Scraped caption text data
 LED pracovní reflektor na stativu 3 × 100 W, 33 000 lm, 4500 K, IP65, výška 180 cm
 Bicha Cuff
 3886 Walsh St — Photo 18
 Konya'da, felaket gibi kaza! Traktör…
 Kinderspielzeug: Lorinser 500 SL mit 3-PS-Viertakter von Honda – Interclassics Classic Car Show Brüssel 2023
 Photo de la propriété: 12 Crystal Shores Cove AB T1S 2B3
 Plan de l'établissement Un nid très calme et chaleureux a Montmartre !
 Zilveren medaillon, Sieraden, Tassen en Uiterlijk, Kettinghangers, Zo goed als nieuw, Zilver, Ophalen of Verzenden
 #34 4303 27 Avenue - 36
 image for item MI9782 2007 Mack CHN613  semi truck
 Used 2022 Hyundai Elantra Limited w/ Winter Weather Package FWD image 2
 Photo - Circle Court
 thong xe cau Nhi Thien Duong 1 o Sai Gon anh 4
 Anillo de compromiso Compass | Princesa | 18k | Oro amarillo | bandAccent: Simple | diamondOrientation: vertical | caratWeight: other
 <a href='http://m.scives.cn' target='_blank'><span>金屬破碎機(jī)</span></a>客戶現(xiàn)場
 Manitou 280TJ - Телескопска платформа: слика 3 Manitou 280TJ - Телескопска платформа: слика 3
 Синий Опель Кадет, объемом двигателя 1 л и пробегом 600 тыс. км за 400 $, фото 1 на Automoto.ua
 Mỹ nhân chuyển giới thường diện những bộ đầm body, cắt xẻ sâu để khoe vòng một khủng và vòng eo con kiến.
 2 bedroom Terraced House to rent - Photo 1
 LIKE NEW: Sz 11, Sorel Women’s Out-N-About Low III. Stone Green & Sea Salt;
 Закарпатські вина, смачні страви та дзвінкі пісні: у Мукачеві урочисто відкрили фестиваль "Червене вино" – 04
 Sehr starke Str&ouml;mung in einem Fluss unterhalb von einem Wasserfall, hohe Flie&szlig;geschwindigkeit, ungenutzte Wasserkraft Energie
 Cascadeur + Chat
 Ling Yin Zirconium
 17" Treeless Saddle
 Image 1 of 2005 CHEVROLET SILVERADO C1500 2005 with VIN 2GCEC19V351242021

[Directions]
Using the entries above, give back exactly the line containing "Anillo de compromiso", the line containing "Закарпатські вина, смачні", and every line between them, and nothing else.

[Task output]
 Anillo de compromiso Compass | Princesa | 18k | Oro amarillo | bandAccent: Simple | diamondOrientation: vertical | caratWeight: other
 <a href='http://m.scives.cn' target='_blank'><span>金屬破碎機(jī)</span></a>客戶現(xiàn)場
 Manitou 280TJ - Телескопска платформа: слика 3 Manitou 280TJ - Телескопска платформа: слика 3
 Синий Опель Кадет, объемом двигателя 1 л и пробегом 600 тыс. км за 400 $, фото 1 на Automoto.ua
 Mỹ nhân chuyển giới thường diện những bộ đầm body, cắt xẻ sâu để khoe vòng một khủng và vòng eo con kiến.
 2 bedroom Terraced House to rent - Photo 1
 LIKE NEW: Sz 11, Sorel Women’s Out-N-About Low III. Stone Green & Sea Salt;
 Закарпатські вина, смачні страви та дзвінкі пісні: у Мукачеві урочисто відкрили фестиваль "Червене вино" – 04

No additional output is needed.